Io ho le chiavi
Io ho le chiavi. Le chiavi per aprire ogni cosa: il portone, l’uscio, gli armadi, la cucina, le stanze, persino i distributori di sapone e di carta. Esiste una cassetta, anch’essa chiusa da una chiave, dove sono riposte tutte le chiavi. Ho le chiavi.Per questa ragione, nei giorni più bui, mi chiamano “Secondina”.
Ogni giorno, alle sette di sera, filtrata l’immagine di chi bussa attraverso l’occhio di un video citofono, apro il portone e prendo le chiavi. Aspetto. Ascolto salire i tre piani di scale, ora il rumore dell’ascensore, ora il fiato corto e mi riparo dietro una scrivania di legno chiaro. Consegno le chiavi. Ogni chiave ha un diverso colore. Ogni chiave chiude un armadio ed in ogni armadio una storia.
Otto donne. Otto vite. Giovani, meno giovani. Donne che amano donne, donne che vorrebbero essere più donne di quanto l’anagrafe e la natura non dicano, donne ferite, donne in attesa, donne innamorate, donne impazzite, donne stracciate, perse, abbandonate. Donne senza una casa.
Io, ogni sera, le aspetto, in un luogo che sembra una casa.
Con attenzione, misura, sguardo professionale da dietro la scrivania impartisco istruzioni per la serata: la cena, qualche discussione da sedare, un atteggiamento non consono da regolare, i ritardi da evidenziare. Ho un registro, e lì segno assenze, presenze e ritardi nel dormitorio femminile, (una struttura di accoglienza notturna “di secondo livello”), denominato “Treccia”, per donne in condizioni di senza dimora.

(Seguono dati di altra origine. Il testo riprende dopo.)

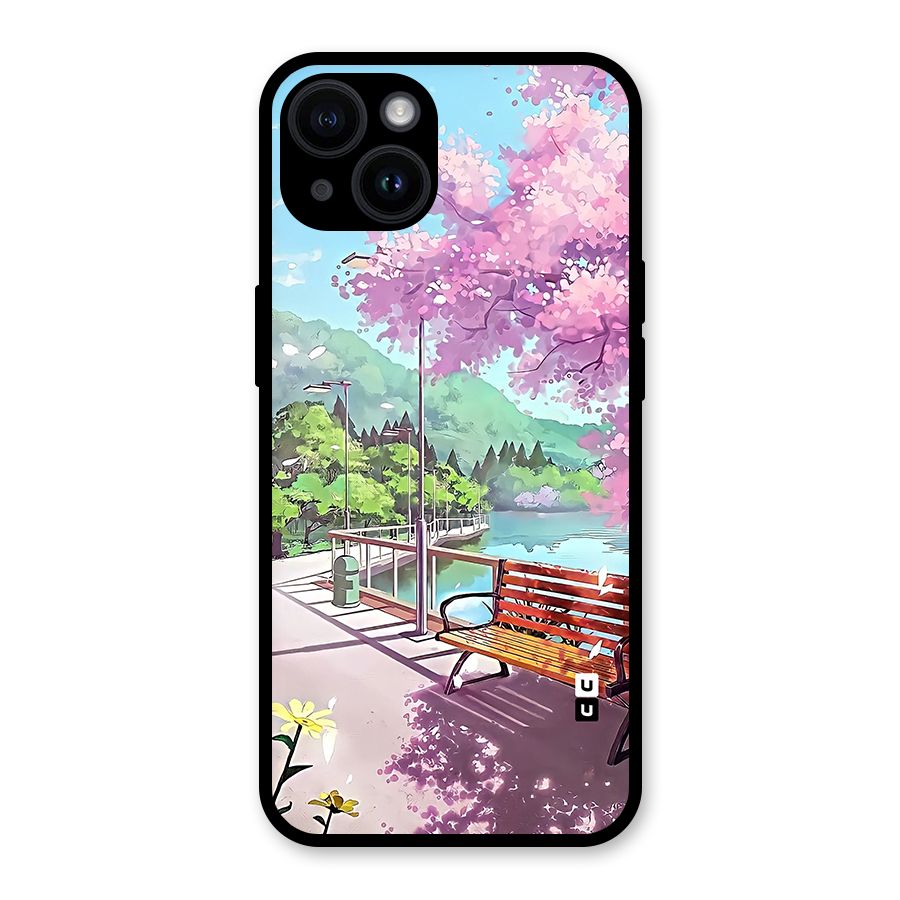 Beautiful Cherry Blossom Landscape Glass Back Case for iPhone 14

Quante volte, in quante sere, non ho ascoltato, compreso, capito o abbracciato. Quanti silenzi ho ignorato, quanti sguardi ho evitato. Alcuni dolori sono così intensi che non si ascolta, non si vede, non si sente. In quelle sere distribuisco senza anima. In quelle sere innesco il pilota automatico: la Secondina lavora… E mi domanda, con sguardo muto e severo, di tutte le sere in cui non sono stata in grado di far coincidere ciò che sono con ciò che mi è chiesto di essere.
Un ricordo rabbonisce ogni severità.
Una sera Luisa chiede di ascoltare musica. E’ una musica dolce e malinconica. E’ l’ora di cena di una serata estiva e la musica ci accompagna ancora mentre consumiamo il pasto. Non si potrebbe. La Responsabile dovrebbe spegnere la radio. Gestire la relazione con la giusta dose di distanza. Le note del sassofono invadono le stanze. Sono la chiave giusta, quella vera, che apre. Nel silenzio di parole Amelia, la pittrice, si perde. Raffaella ride, come sempre, una risata incomprensibile anche a se stessa. Milena, la mamma di tutte, mangia poco e ha lo sguardo triste. Iniziamo un gioco. La musica evoca forme imprendibili. Ognuna, in turni non assegnati ma ordinati descrive la scena di un film immaginario. Nel descrivere ogni ipotetico fotogramma c’è il racconto di ogni biografia personale. Ho la sensazione crescente che ci sia un elemento di magia. Lascio che questo fiume di parole e di emozioni, ora impetuoso ora calmo, scorra di fronte a me.
Comprendo, ascolto, accolgo ed in parte dirigo. A volte devio qualche direzione troppo dolorosa, a volte sollecito qualche silenzio troppo denso. Anna mi osserva, con i suoi occhi grandi. Vanessa, oltre il mascara e il fondotinta steso abbondante, mi sorride.
E’ per questo che sono qui. Mi sento al mio posto. Come ogni volta che le relazioni assumono contorni di autentica efficacia, senza i filtri opachi del ruolo assunto.
Non esiste il lieto fine in questa storia. Alcune hanno ritrovato una Dimora, forse accettabile, ed un nuovo equilibrio, altre hanno continuato a perdersi. Io continuo il viaggio.